## YOUR TASK:
All that is needed is an exact copy of the lines from the beginning of the data below through the line containing "Want to make", minus the pictures.

◇ ◇ ◇ ◇

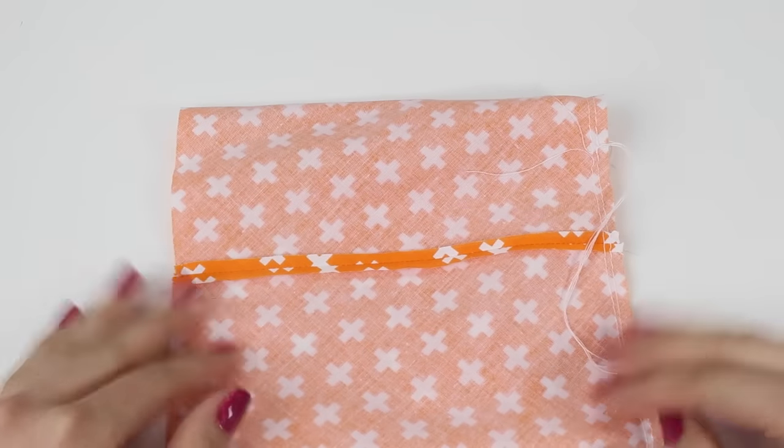Once you've pulled on the threads and gathered the fabric in as tightly as it will go, this is going to be the bottom of the pumpkin. Knot together the two threads from the start and the two threads from the end of the stitching, pulling them in nice and tight. You will have a small hole here, so get a needle and thread — we're going to sew through this hole to hold everything tightly so there's no hole at the bottom of the pumpkin.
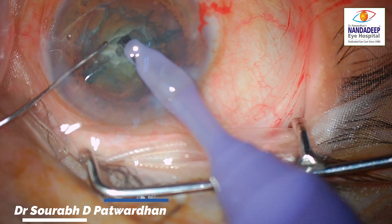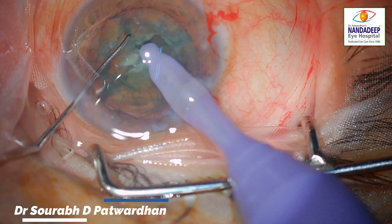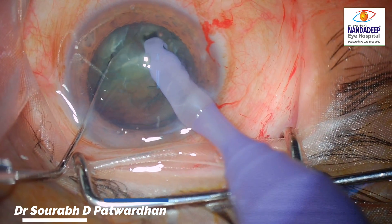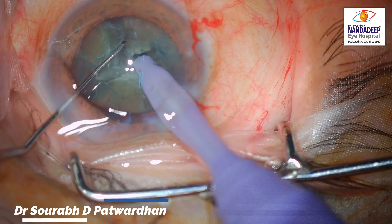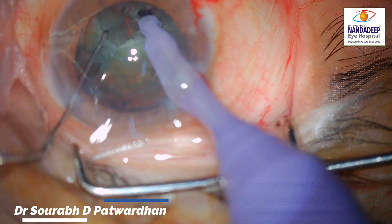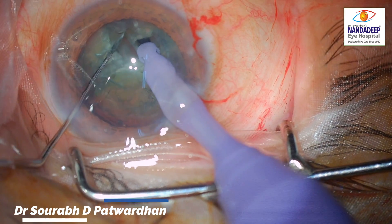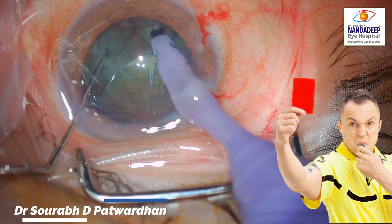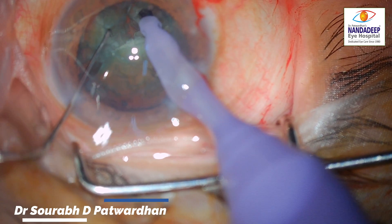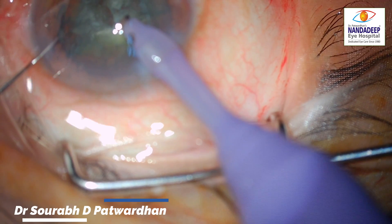Now look at this — he tries to divide but the division is not complete, and he still misses it, trying to chop another piece. Watch this: he is pushing the nucleus away when the feco tip is to be buried, taking the support of zonules and posterior capsule. This has to be absolutely avoided when doing chop, because you are unnecessarily putting pressure on the zonules and may cause zonular dialysis.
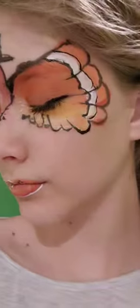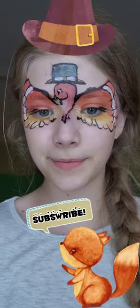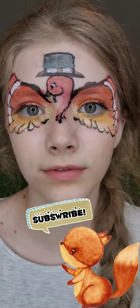Want to make it look like they're flapping? Just smile a couple times. And there you go — that's how you do a cute Thanksgiving turkey face paint. Please subscribe. Thank you for watching.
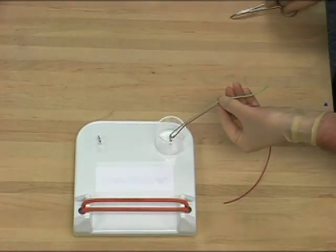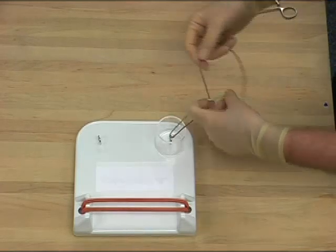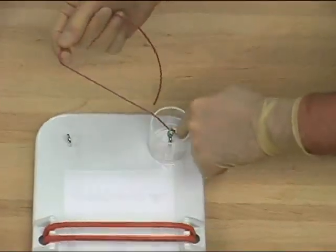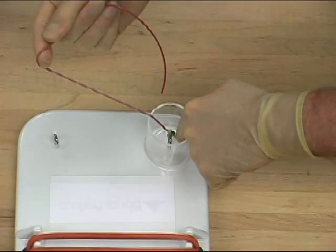A forehand throw, as in the first knot, is created. On this occasion, the knot is carefully placed using the index finger of the tying hand, and the knot tightened down by a balanced pull of the two limbs of the suture, so as to create no traction on the structure being tied.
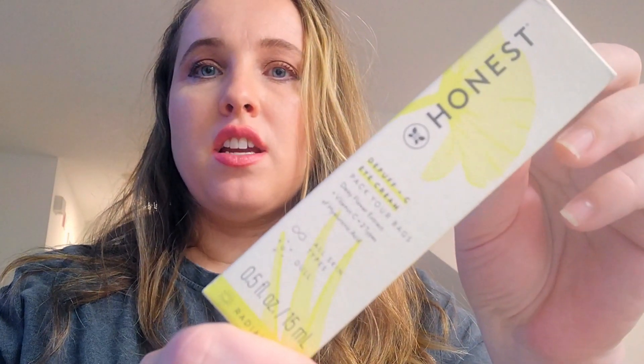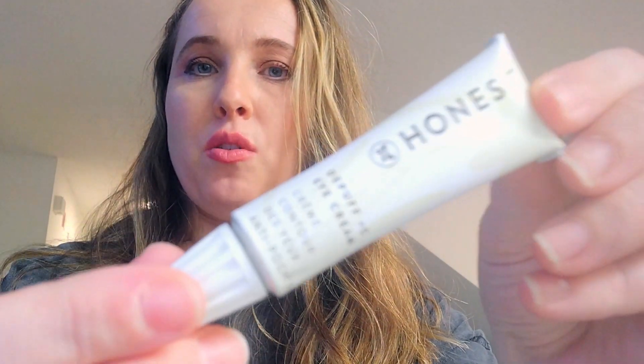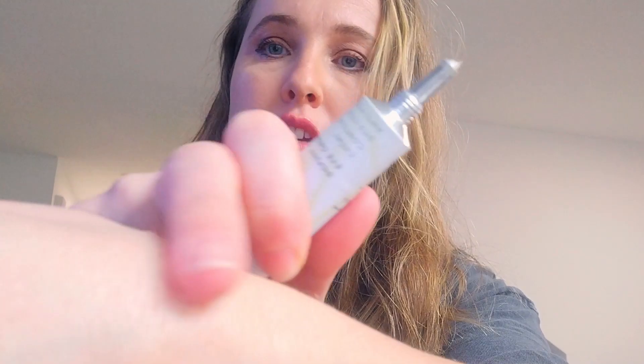I want to review the Honest Deep Puff Plus C eye cream. A little bit goes a long way, so you would dab a tiny drop under your eyes like so.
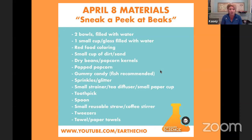You will also need a dry cup of dirt or sand, dry beans or unpopped popcorn kernels, some popped popcorn — a tasty snack for our snack-size science — gummy candies (I like the fish-shaped ones), sprinkles or glitter, a small strainer such as a tea diffuser or small paper cup, a toothpick, a spoon, a small reusable straw or coffee stirrer, a set of tweezers, and towels or paper towels on hand since this can get a little messy.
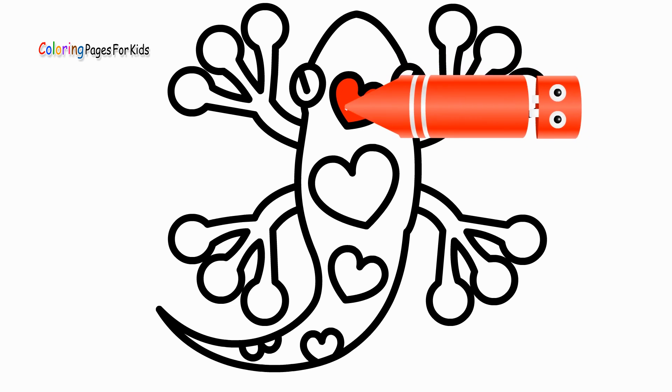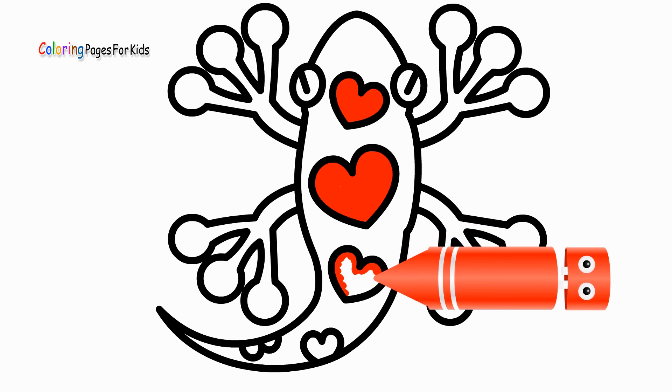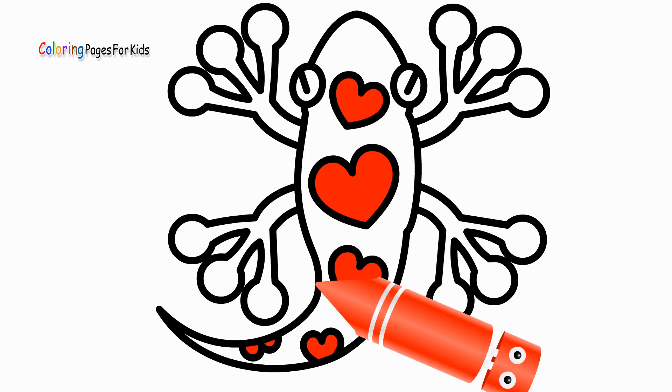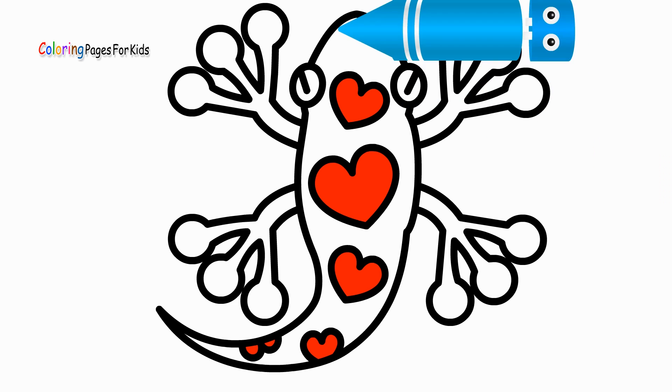Baa, baa, black sheep, have you any wool? Yes, sir, yes, sir, three bags full. One for the master and one for the dame. Red color. One for the little boy who lives down the lane.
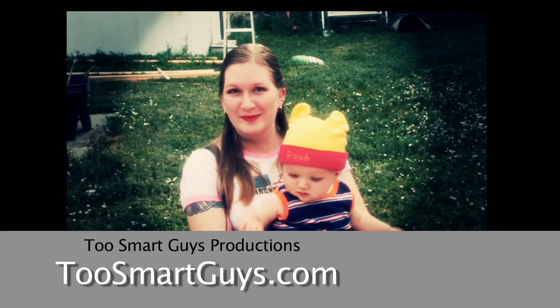We do the show every week — live on YouTube on Wednesdays at 8:30 Mountain Time, and the finished polished show comes out on Mondays. Please subscribe, post your comments below, and check out past shows at twosmartguys.com. You can also find us on Twitter. See you guys next week!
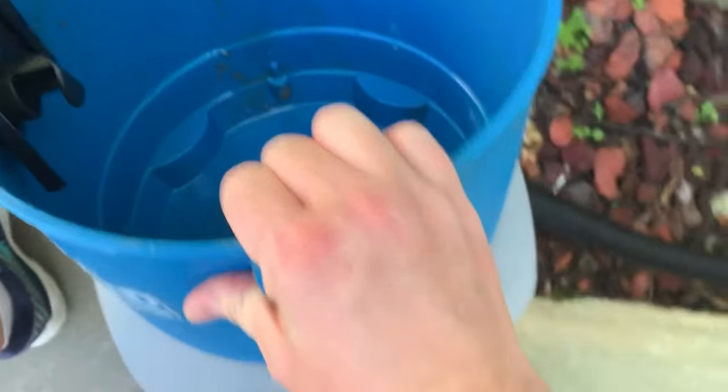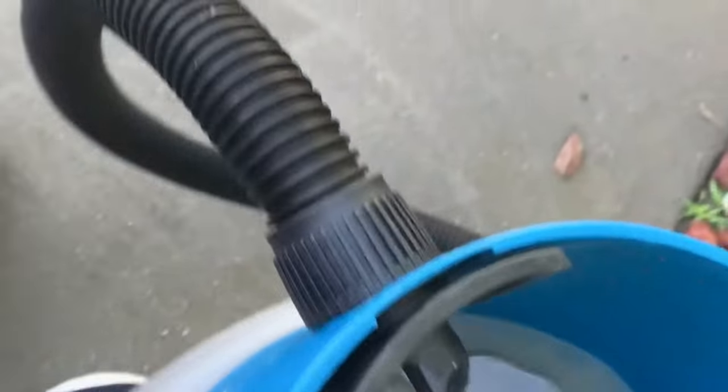I'm going to run it for a little bit longer and see if it gets any more out. Let's do it again for about five more minutes — and there is a lot more water again. So we're going to keep doing this until it is gone.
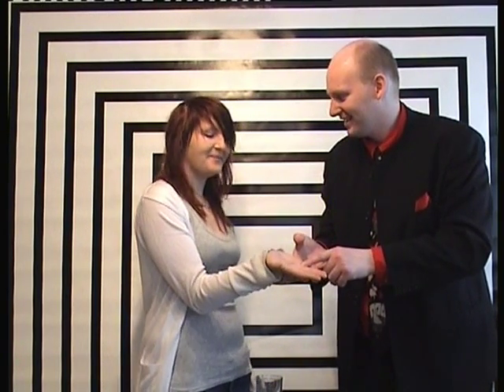Kind of freaky? Yep. That's a cool trick. It uses sugar cubes, a glass of water, and a pencil. I hope you enjoy it.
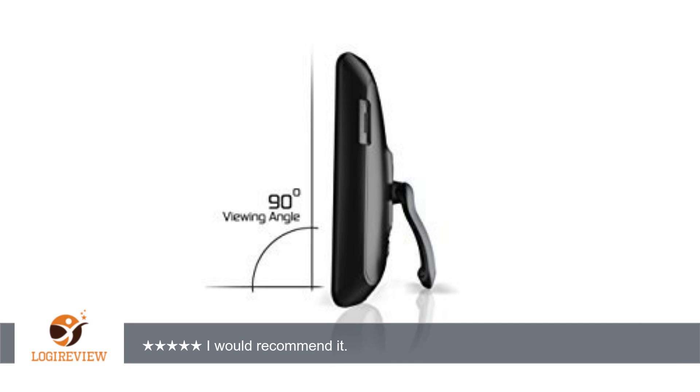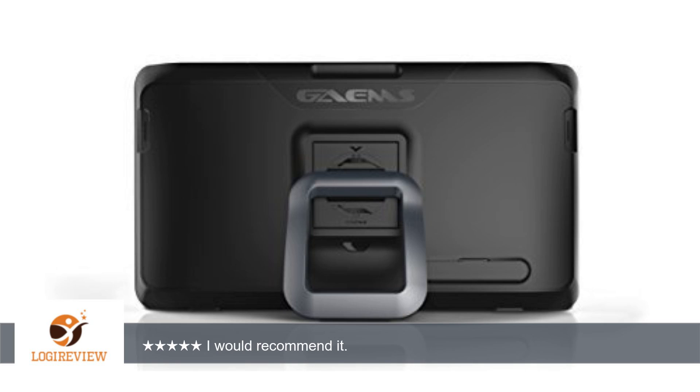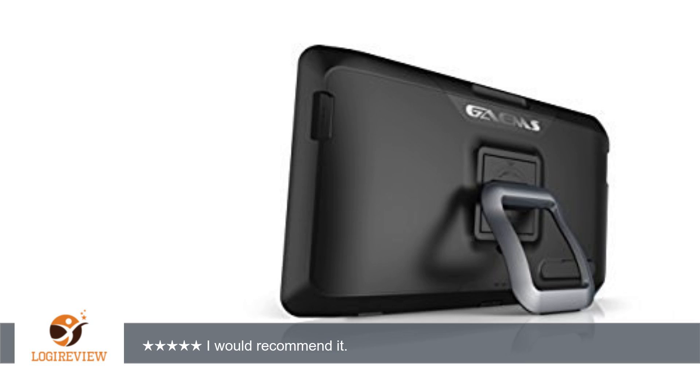The grip is very comfortable to hold and carry. The only problem is it's heavier than the PS4 by about 1 kilogram, and the power supply — it would be better if it could work via USB like the M155.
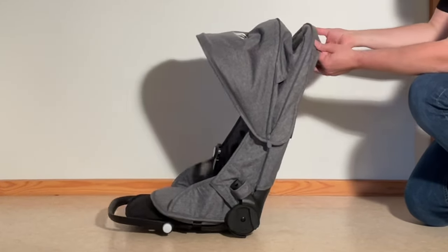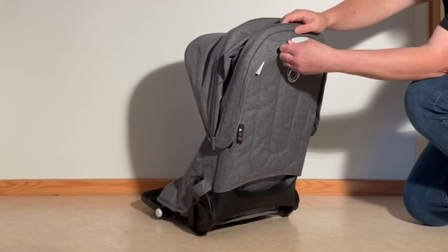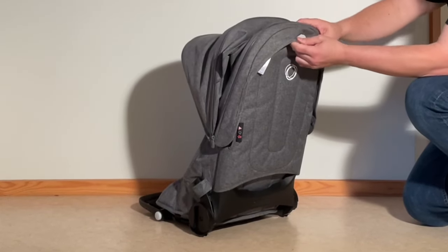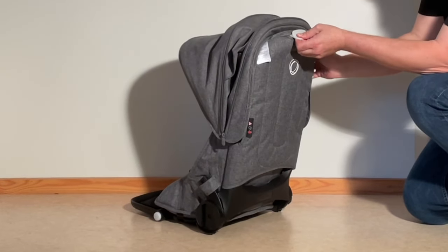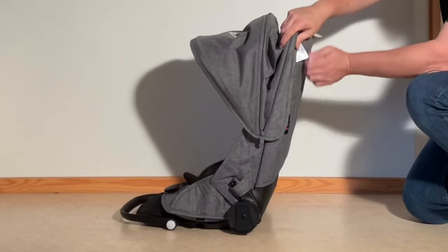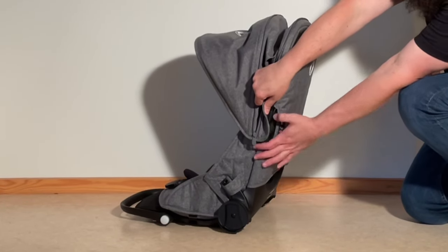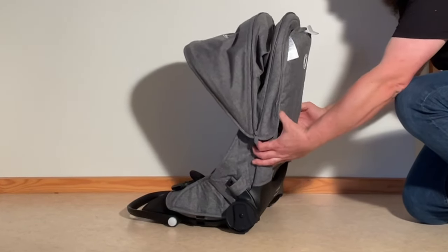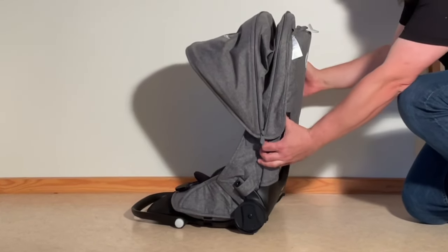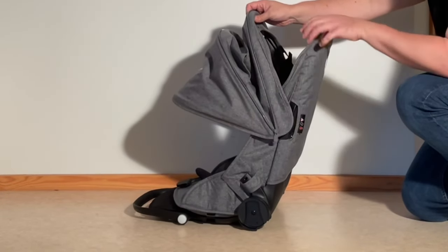Then we're going to remove the canopy. On the back here you want to pull the canopy over the trigger for the position of the recline, sort of separate it a little bit from the seat, lift up this flap and you'll see there's a little tag here — there's one on either side. You're going to press them in and that allows you to disconnect that back rib from the seat back.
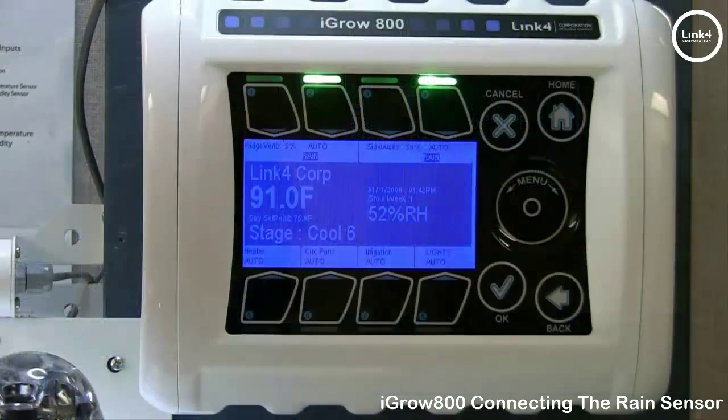And that's our video installing the LINK4 rain sensor to the iGrow 800 controller.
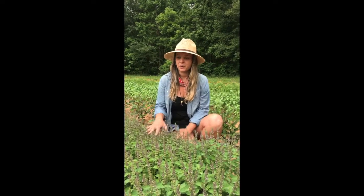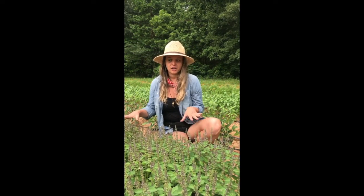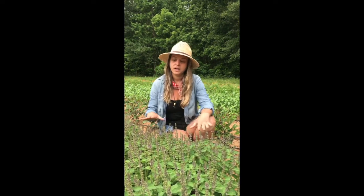This is Tulsi, also known as holy basil. We are growing the temperate variety — it's the one that grows the best in our climate, which is kind of hot and humid. Tulsi acts as an adaptogen in the body. So if you're feeling stressed, it can help to calm and soothe that. If you're feeling tired and need energy, it can give you a little bit of a boost.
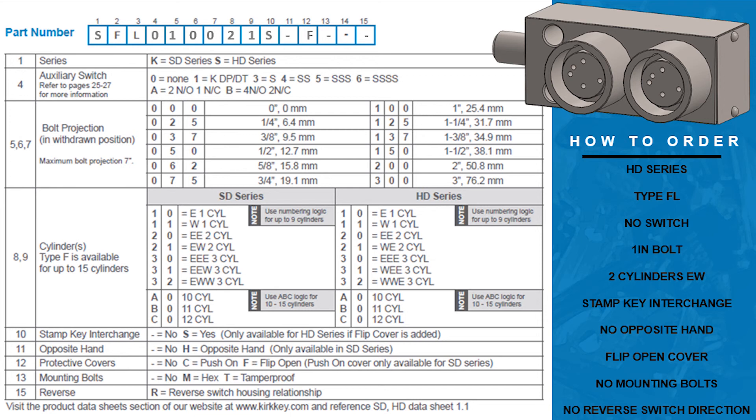Columns eight and nine indicate the number of cylinders on the interlock. In this example we are ordering two cylinders — one in the extended position and one in the withdrawn position — so two one will fill these columns. The tenth column indicates whether you would like the stamp key interchange on the interlock. For this example we would like the interchange so the letter S will fill the column.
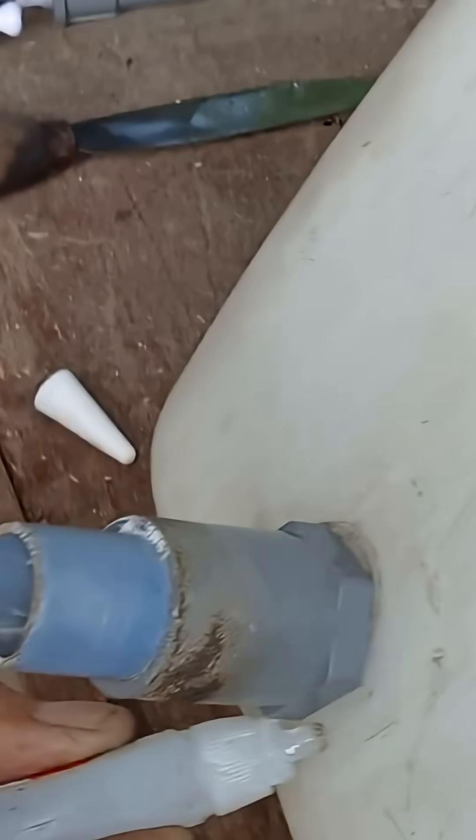Once the pipe is in place, apply strong waterproof glue or PVC cement around the pipe joint. Spread it evenly for a clean finish. This will help seal the connection and make it last long term.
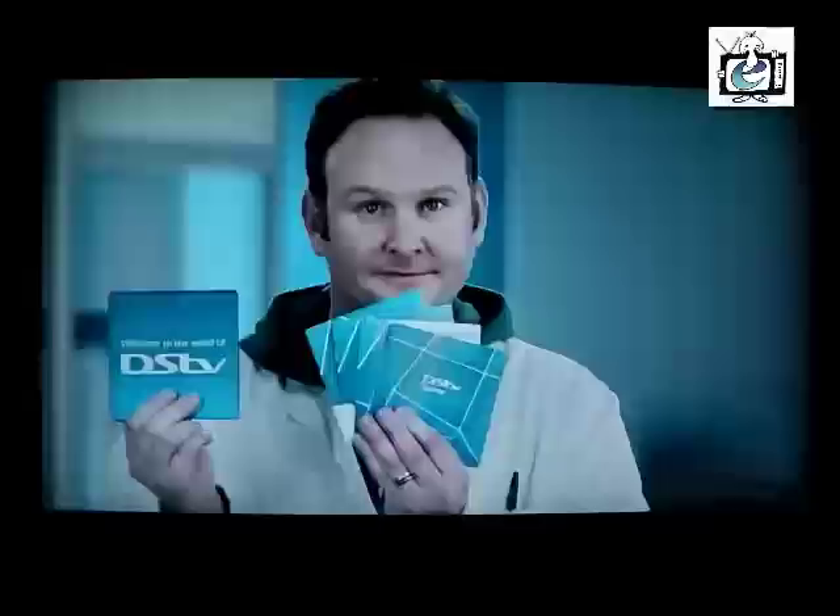In the small blue box on top of the decoder, you'll find your Explorer documents, like the Quick Start guides. These are packed with loads of useful info, so it's a good idea to keep them around until you get to know your Explorer a bit better.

◇ ◇ ◇ ◇

## TASK ANSWER:
Once you've pulled on the threads and gathered the fabric in as tightly as it will go, this is going to be the bottom of the pumpkin. Knot together the two threads from the start and the two threads from the end of the stitching, pulling them in nice and tight. You will have a small hole here, so get a needle and thread — we're going to sew through this hole to hold everything tightly so there's no hole at the bottom of the pumpkin.
Now look at this — he tries to divide but the division is not complete, and he still misses it, trying to chop another piece. Watch this: he is pushing the nucleus away when the feco tip is to be buried, taking the support of zonules and posterior capsule. This has to be absolutely avoided when doing chop, because you are unnecessarily putting pressure on the zonules and may cause zonular dialysis.
Want to make it look like they're flapping? Just smile a couple times. And there you go — that's how you do a cute Thanksgiving turkey face paint. Please subscribe. Thank you for watching.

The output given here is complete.